Death by Design. JAN. 27-FEB. 19, 2017. Imagine a literary marriage between Noel Coward and Agatha Christie. That’s apparently what playwright Rob Urbinati had in mind when scripting this 2011 comedy about a celebrated playwright and his actress wife, who flee to the English countryside after a disastrous opening night, only to find themselves visited by various surprise guests, all with secrets, one of whom ends up murdered.
The Cemetery Club. MARCH 17-APRIL 9, 2017. Three Jewish widows, best friends for decades, meet for tea and sympathy before their monthly visit to their husbands’ graves. Sweet-tempered Ida, feisty Lucille and judgmental Doris find their friendships tested, especially when a widower named Sam enters the scene. A 1990 comedy by Ivan Menchell.
Boeing, Boeing. MAY 19-JUNE 11, 2017. A swinging ’60s sex farce about a Parisian lothario with three fiancées — American, Italian and German — all airline “hostesses.” Though he’s usually able to keep them apart, disaster lurks when scheduling changes pop up. By Marc Camolletti (Don’t Dress for Dinner). A 2008 Broadway revival won a Tony award for best play. (Aurora Theatre, you may recall, staged Boeing, Boeing in 2010 and Don’t Dress for Dinner in 2014.)
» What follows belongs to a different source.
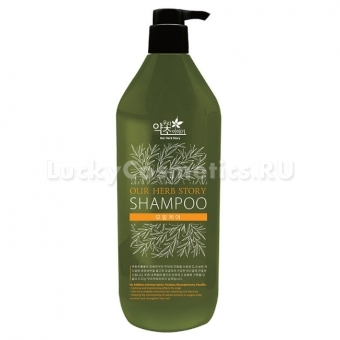 Шампунь для повреждённых волос и раздражённой кожи головы Our Herb Story Shampoo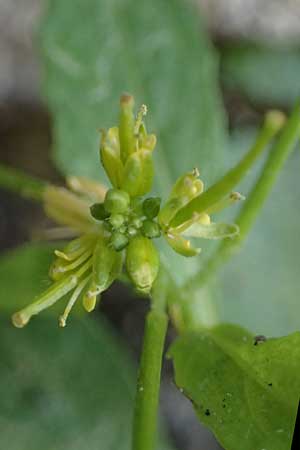 Sisymbrium erysimoides \ Schterich-Rauke, D Ludwigshafen 1.5.2022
Baby Case. JULY 1-AUG. 6, 2017. The 1932 kidnapping of Charles A. Lindberg Jr. became the “Crime of the Century,” prompting a media circus fed by the public’s fascination with fame, crime, celebrity and intrigue. A cast of 11 portrays the famous faces of the day — Walter Winchell, J. Edgar Hoover, Ginger Rogers and the Lindberghs — in the musical that won New York Musical Festival awards in 2012 for best musical, book and score for writer, composer and lyricist Michael Ogborn.